━━━ Excerpted data ━━━

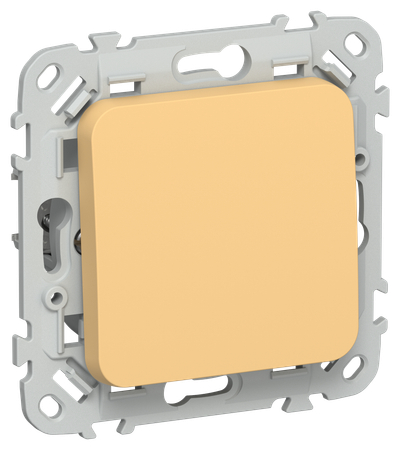 FLITE Выключатель 1-клавишный перекрестный 10А ВС71-1-0-ФлЗ золотарник IEK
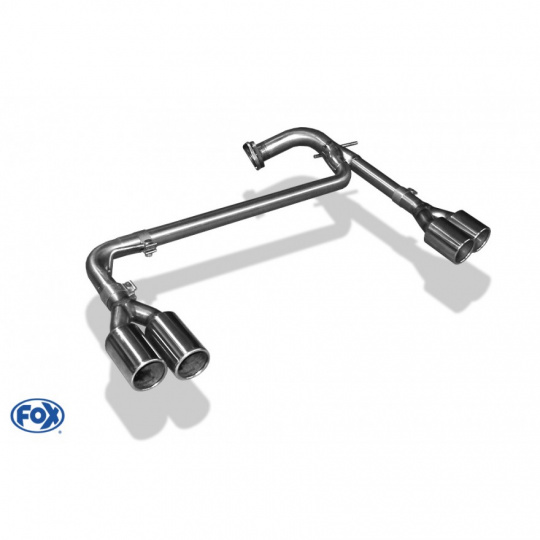 Fox Sportauspuff koncový díl s koncovkou 2x90 Typ 12 na obou stranách pro Hyundai Santa Fe DM 2012- s motorem 2.2 D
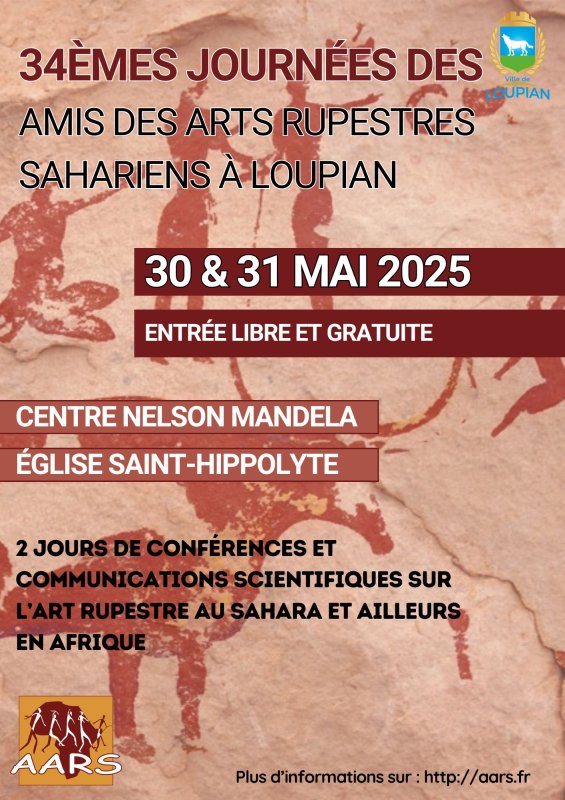 Les 34èmes journées des Amis des Arts Rupestres Sahariens démarrent ce matin !
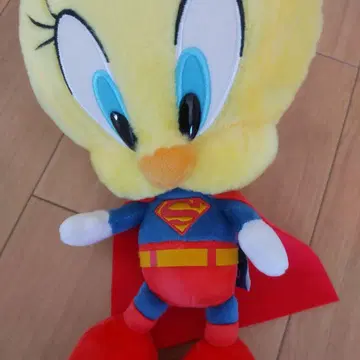 트위티 슈퍼맨 봉제 인형 약 30cm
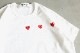 ��WOMEN'S��PLAY COMME des GARCONS(�ץ쥤 ���� �� ����륽��) "S/S TEE With Triple Heart"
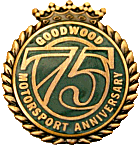 Goodwood motorcycle race badge from Jean-Francois Helias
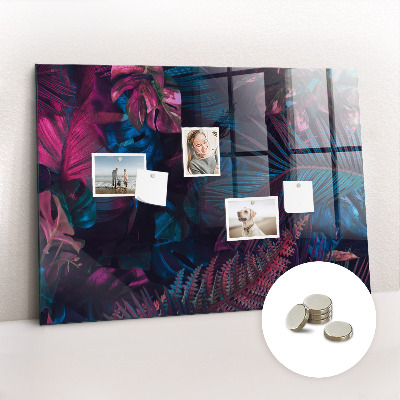 Tableau pour magnet Fleurs exotiques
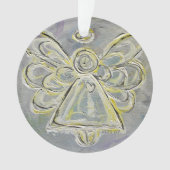 White Guardian Angel - ein Geschenk an den Feierta Ornament (Vorderseite)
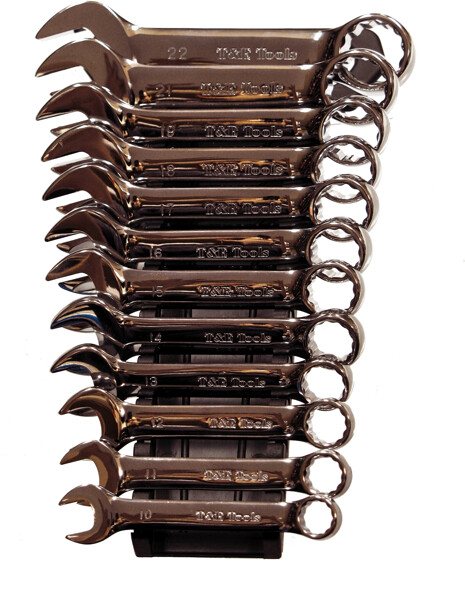 2 Piece Metric Stubby Combination Wrench Set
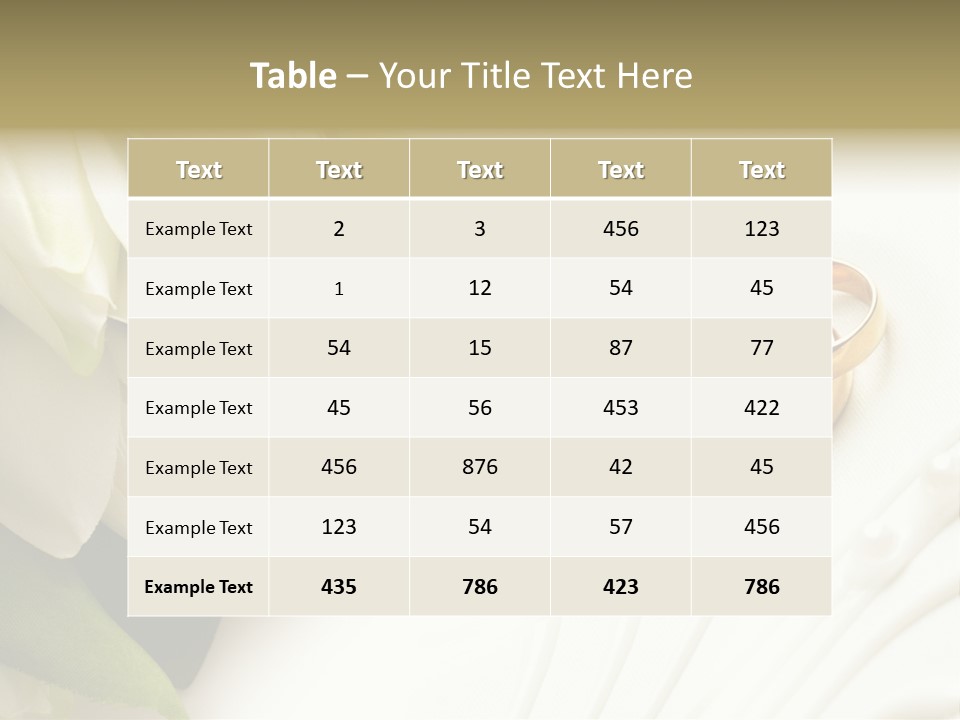 Bouquet White Jewelry PowerPoint Template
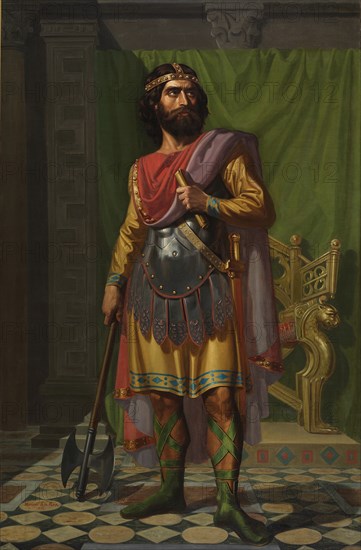 Sisebut, Visigothic King, 1854. Artist: Roca y Delgado, Mariano de la (1825-1872)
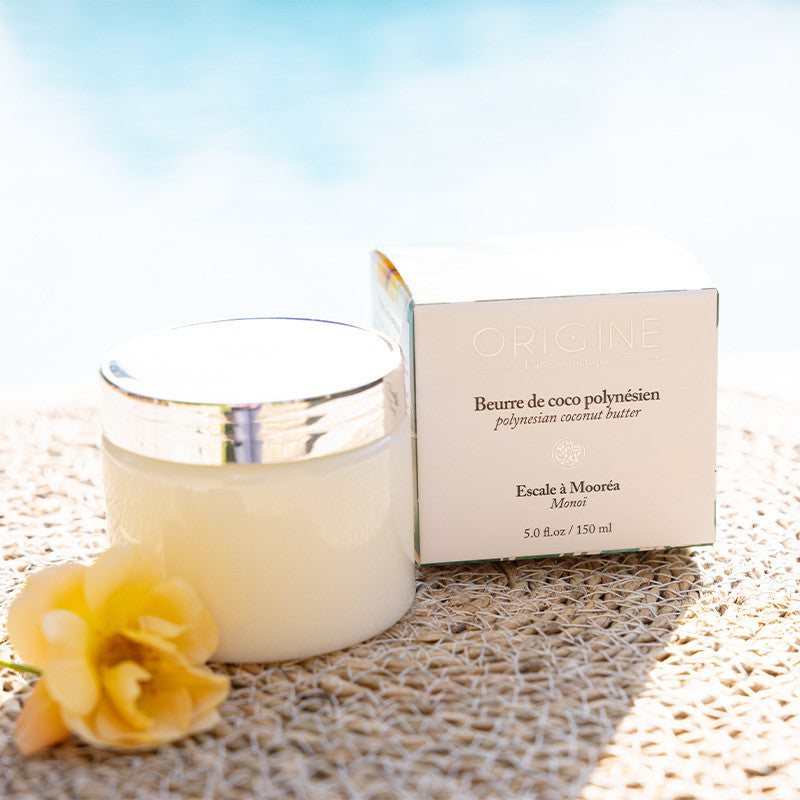 Beurre de coco - Monoï - Escale à Mooréa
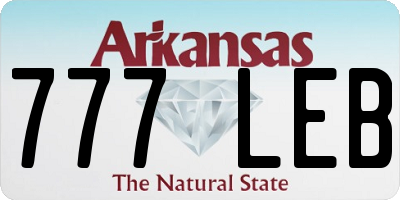 AR license plate 777LEB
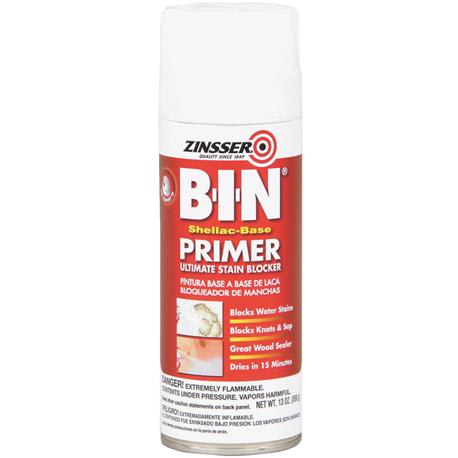 Zinsser B-I-N White Shellac-Base Primer Spray, 13 oz.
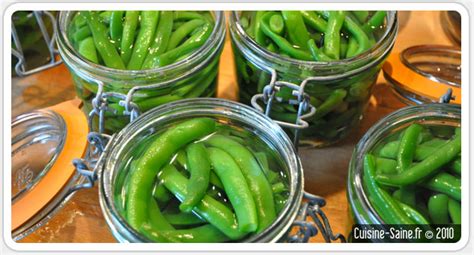 Recette Bocaux Bocaux De Haricot Vert Ou Conserve De Haricot Vert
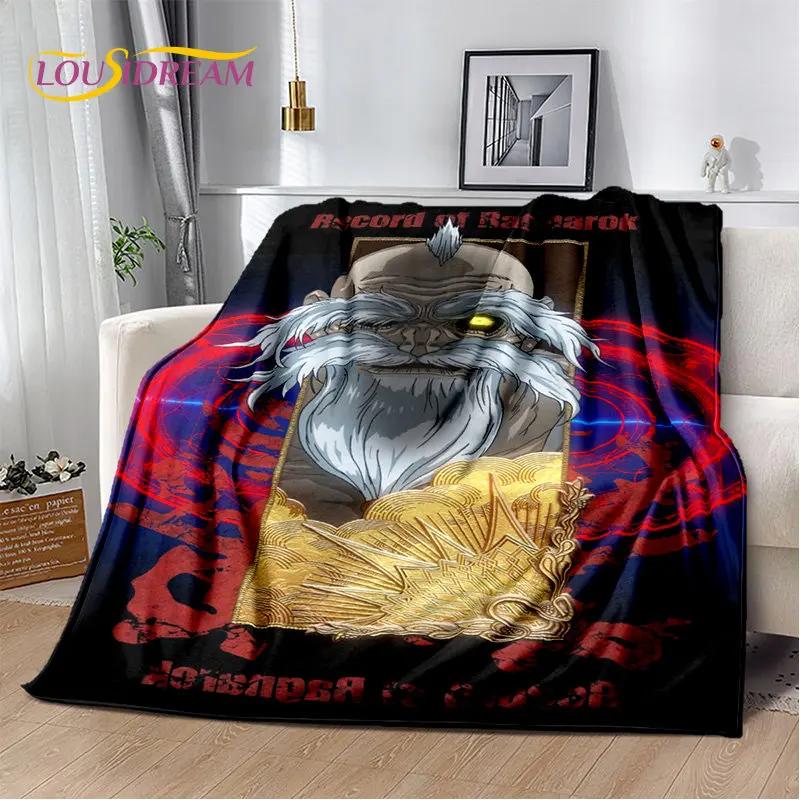 Record of Ragnarok Anime Cartoon Soft Plush Blanket,Flannel Blanket Throw Blanket for Living Room Bedroom Bed Sofa Picnic Cover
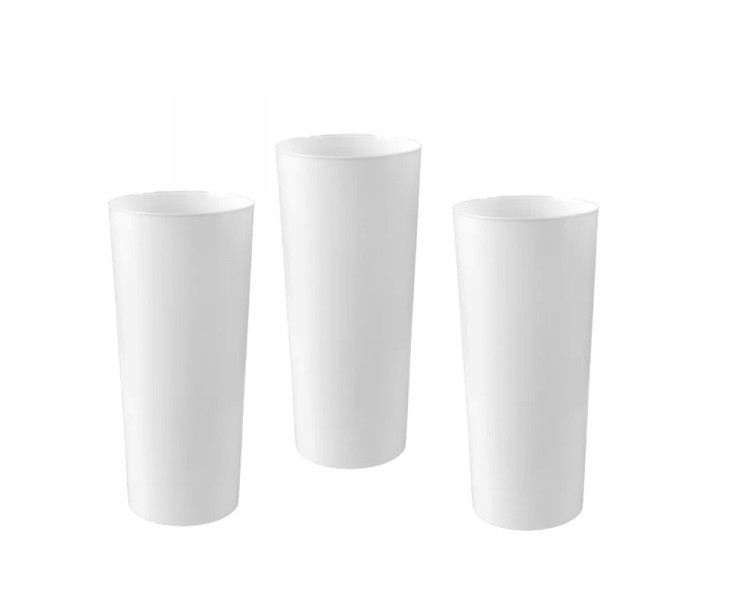 VASO TRAGO LARGO PP VIRGEN TRANSP. (X1) - ART.4001PP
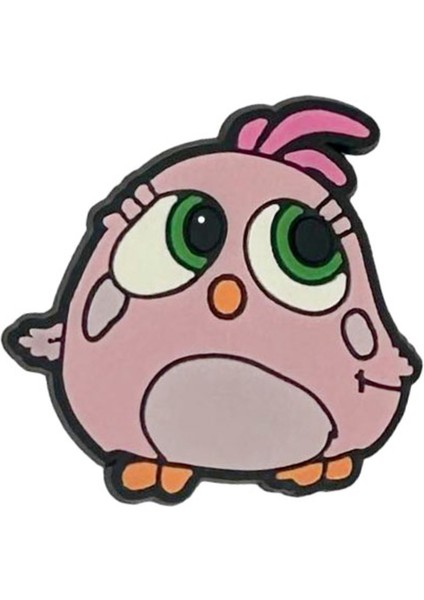 Terlik Süsü-Terlik Tokası Sevimli Mor Angry Bird Figürü
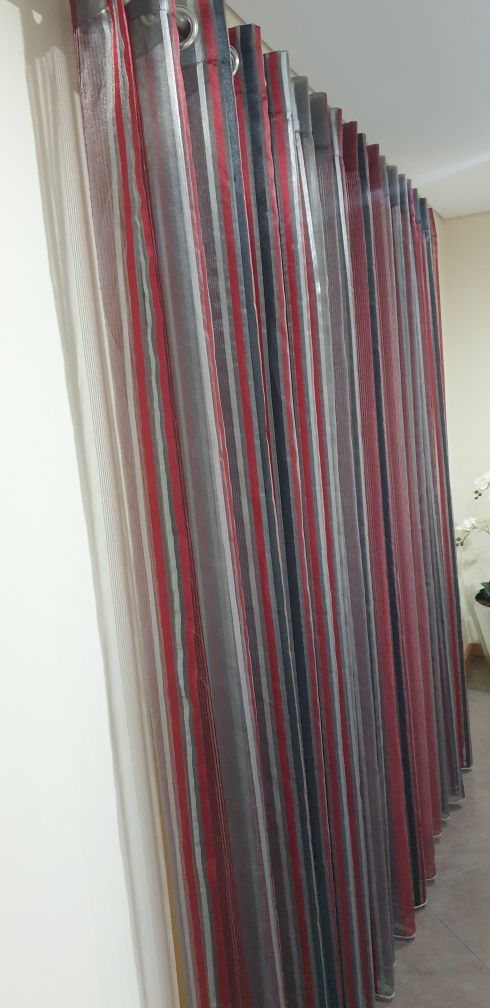 Cortinados em organza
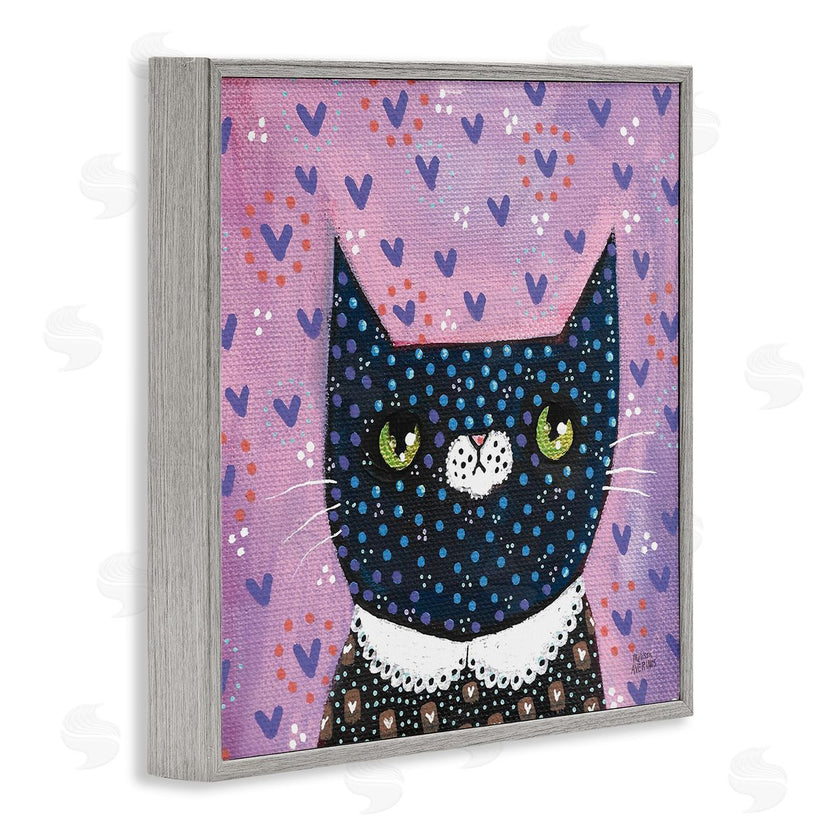 Melissa Averinos | Whimsical Patterned Cat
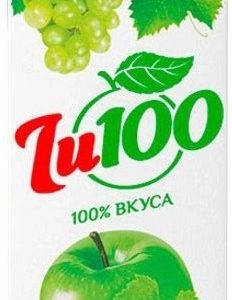 Нектар Джу100 яблочно-виноградный т/п 1л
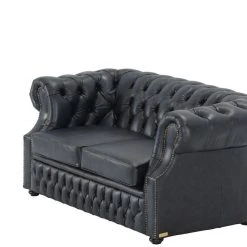 Veke Chesterfield 2-istuttava Sohva Sininen Rub-off Nahka, Wenge Jalat 9 Veke Chesterfield 2-istuttava Sohva Sininen Rub-off Nahka, Wenge Jalat -Veke Myymälä chesterfield sohva 2 istuttava sininen rubb nahka 1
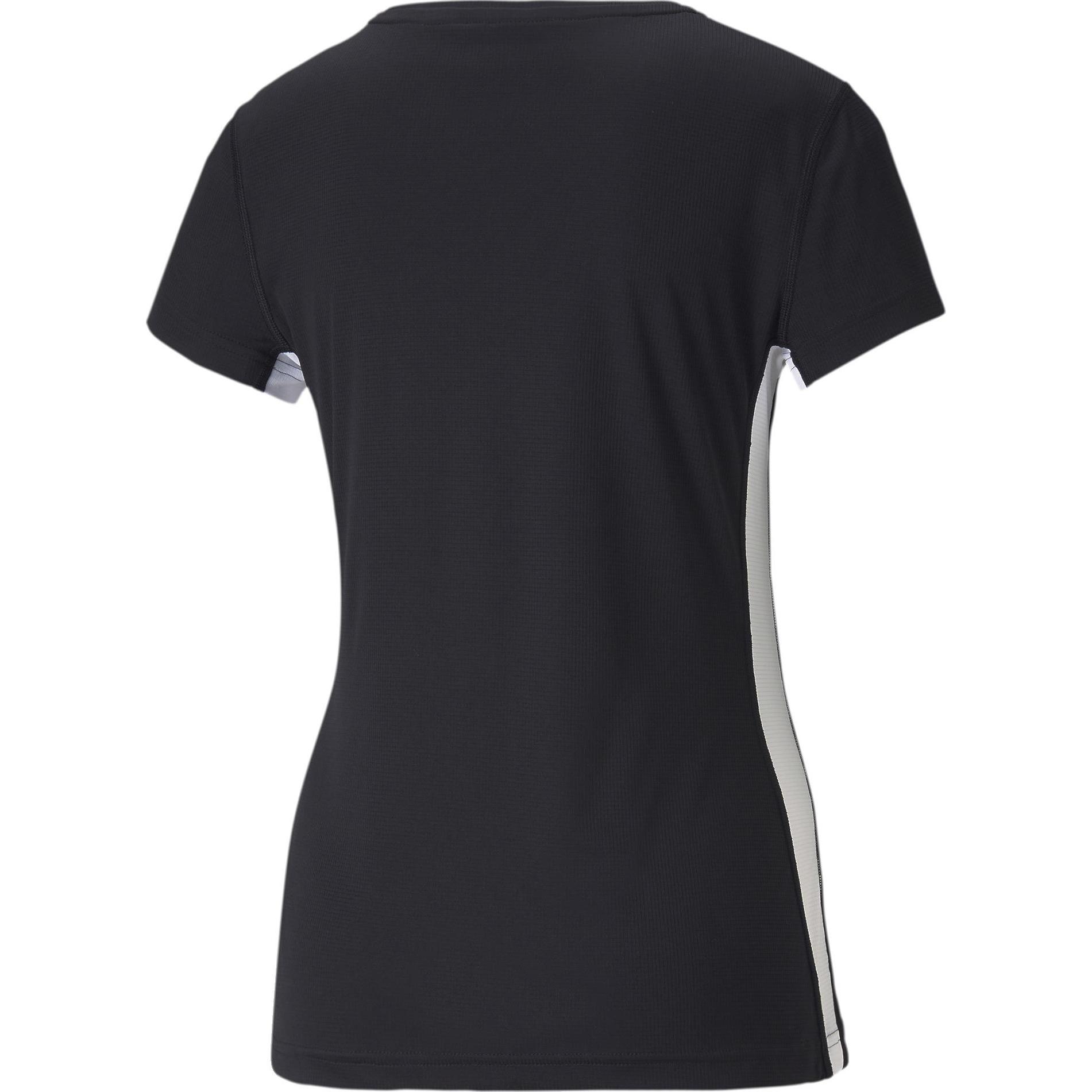 Thumbnail - Puma, Unisex, Sportshirt, Cross the Line Tee 2.0 W-520352 (S), Schwarz, S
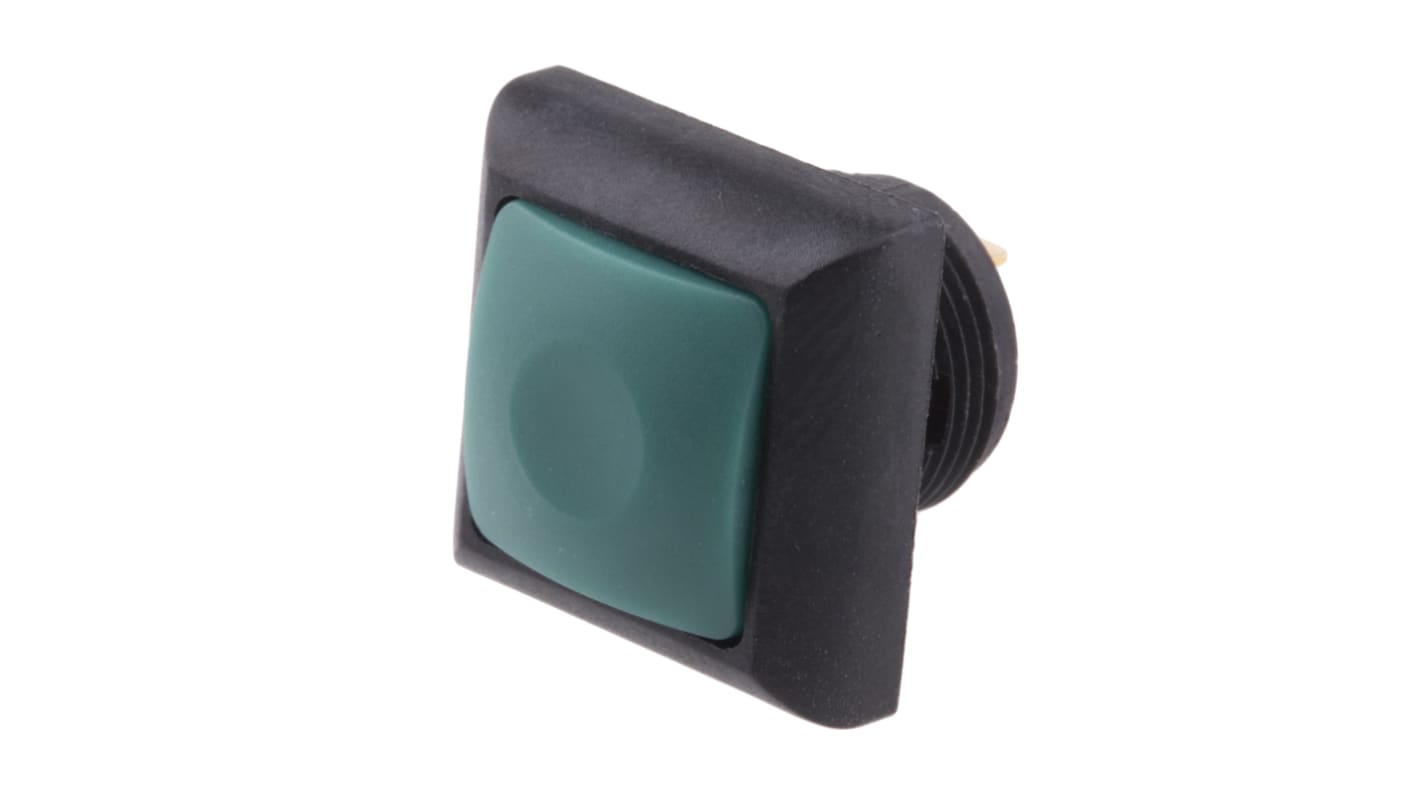 RS PRO Push Button Switch, Momentary, PCB, 13.6mm Cutout, SPST, 30V dc, IP67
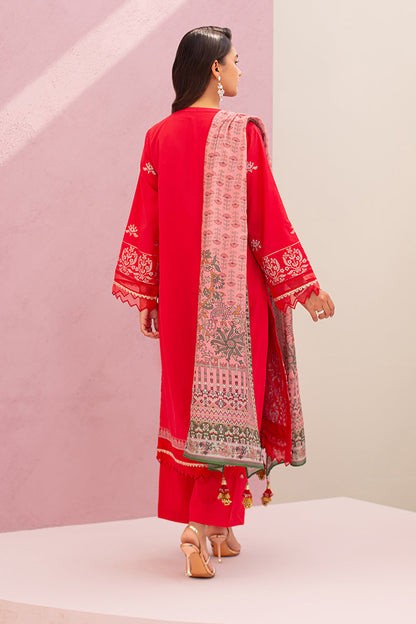 Embroidered Shirt Shalwar Dupatta - 0896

━━━

#### Problem details:
What you give back must match the entries exactly, apart from the omitted pictures.

#### Solution for this problem:
 FLITE Выключатель 1-клавишный перекрестный 10А ВС71-1-0-ФлЗ золотарник IEK
 Fox Sportauspuff koncový díl s koncovkou 2x90 Typ 12 na obou stranách pro Hyundai Santa Fe DM 2012- s motorem 2.2 D
 Les 34èmes journées des Amis des Arts Rupestres Sahariens démarrent ce matin !
 트위티 슈퍼맨 봉제 인형 약 30cm
 ��WOMEN'S��PLAY COMME des GARCONS(�ץ쥤 ���� �� ����륽��) "S/S TEE With Triple Heart"
 Goodwood motorcycle race badge from Jean-Francois Helias
 Tableau pour magnet Fleurs exotiques
 White Guardian Angel - ein Geschenk an den Feierta Ornament (Vorderseite)
 2 Piece Metric Stubby Combination Wrench Set
 Bouquet White Jewelry PowerPoint Template
 Sisebut, Visigothic King, 1854. Artist: Roca y Delgado, Mariano de la (1825-1872)
 Beurre de coco - Monoï - Escale à Mooréa
 AR license plate 777LEB
 Zinsser B-I-N White Shellac-Base Primer Spray, 13 oz.
 Recette Bocaux Bocaux De Haricot Vert Ou Conserve De Haricot Vert
 Record of Ragnarok Anime Cartoon Soft Plush Blanket,Flannel Blanket Throw Blanket for Living Room Bedroom Bed Sofa Picnic Cover
 VASO TRAGO LARGO PP VIRGEN TRANSP. (X1) - ART.4001PP
 Terlik Süsü-Terlik Tokası Sevimli Mor Angry Bird Figürü
 Cortinados em organza
 Melissa Averinos | Whimsical Patterned Cat
 Нектар Джу100 яблочно-виноградный т/п 1л
 Veke Chesterfield 2-istuttava Sohva Sininen Rub-off Nahka, Wenge Jalat 9 Veke Chesterfield 2-istuttava Sohva Sininen Rub-off Nahka, Wenge Jalat -Veke Myymälä chesterfield sohva 2 istuttava sininen rubb nahka 1
 Thumbnail - Puma, Unisex, Sportshirt, Cross the Line Tee 2.0 W-520352 (S), Schwarz, S
 RS PRO Push Button Switch, Momentary, PCB, 13.6mm Cutout, SPST, 30V dc, IP67
 Embroidered Shirt Shalwar Dupatta - 0896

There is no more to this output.